The problem with public sector defined benefit pensions can be boiled down to two cold facts: They are too generous, and they rely on rate-of-return assumptions that are too optimistic. The first is the result of greed, the second of delusion. To indulge these vices requires corruption, and it is a rot that joins public sector unions with the most questionable elements of that Wall Street machine they so readily demonize.
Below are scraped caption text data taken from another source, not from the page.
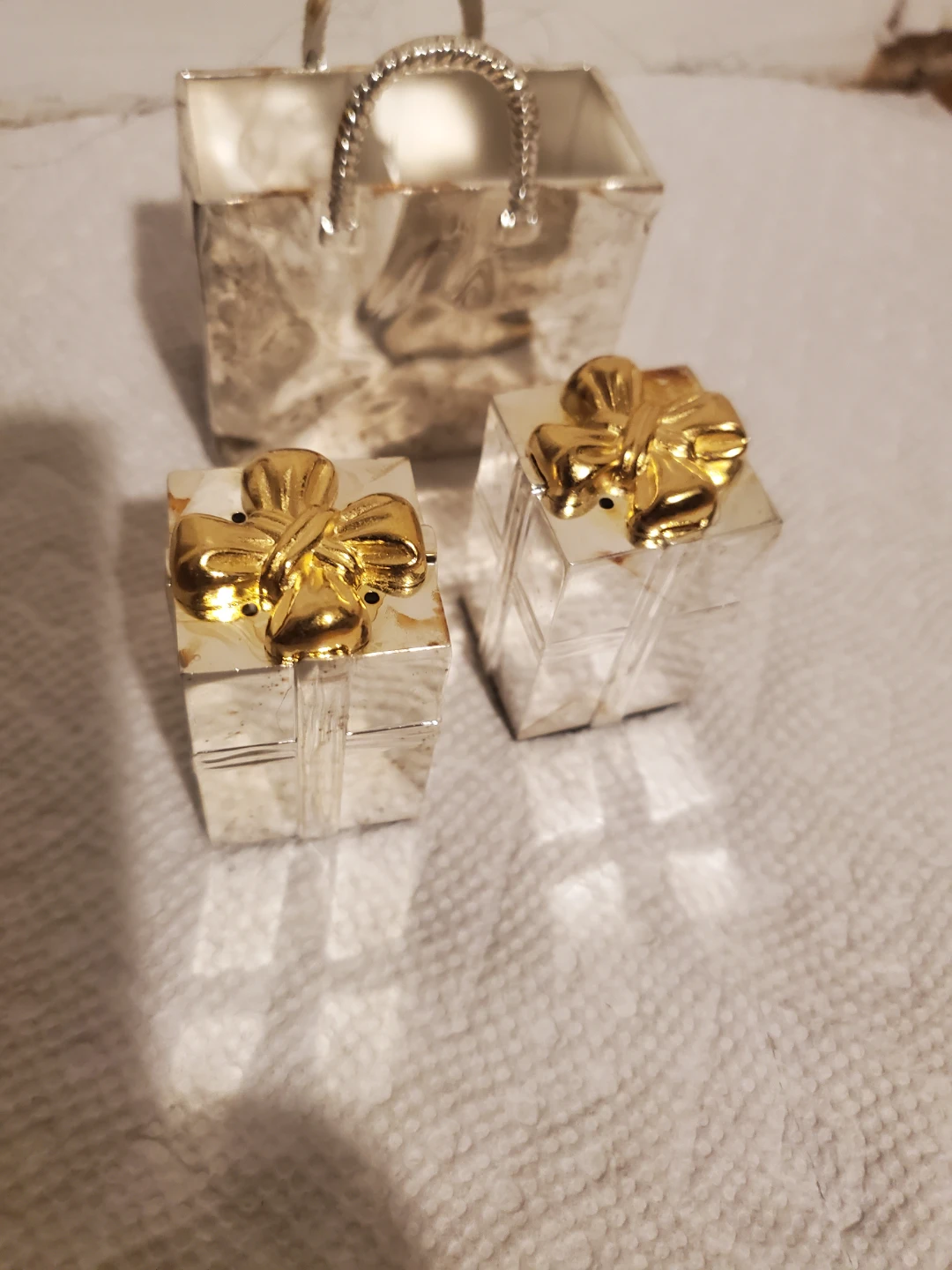SALT AND PEPPER Silver and Gold Gift Box Set - photo 5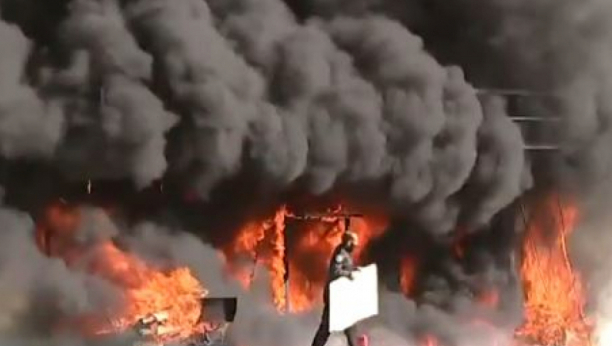 STADION U PLAMENU! Totalni haos u Andori dan pred utakmicu sa Engleskom! (VIDEO)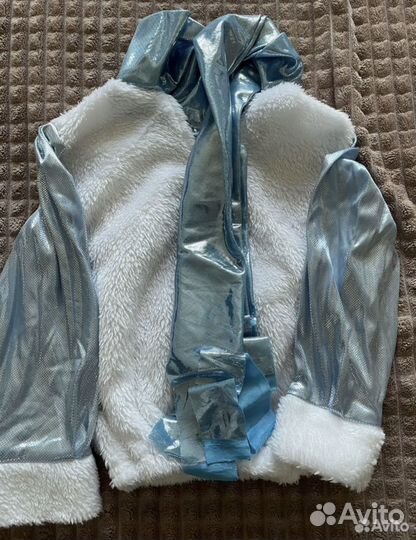 Новогодний костюм снеговик 92 98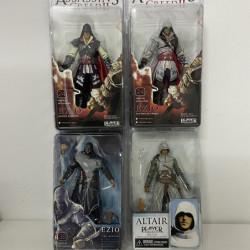 Figurine Assassin's Creed Ezio, Altair, Connor Haytham, Edward Kenway, Mohawk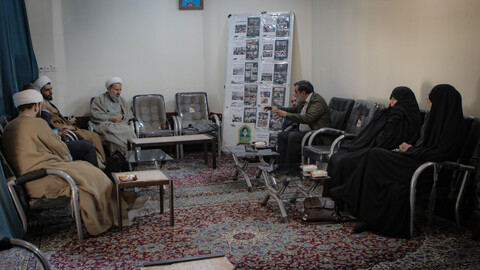 تصاویر/ برگزاری جلسه شورای معاونین قرارگاه شهید حاجی‌زاده با محوریت برنامه‌های راهبردی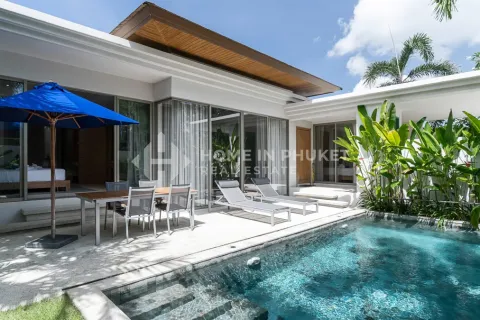 บ้านในภูเก็ต, ประเทศไทย 3 ห้องนอน № 209557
In an attempt to earn in excess of 7.0% per year, government pension systems have increasingly turned to hedge funds, whose charter, essentially, is to earn over-market returns. To do this, they do all the things that public sector unions are supposedly opposed to – opaque private equity deals, currency speculation, high-frequency trading – all those manipulative tools used by the super-wealthy, super empowered Wall Street players to siphon billions out of the economy. Except now they’re using tax dollars, channeled to them via government pension systems. And if it goes south? Taxpayers pay for the bailout.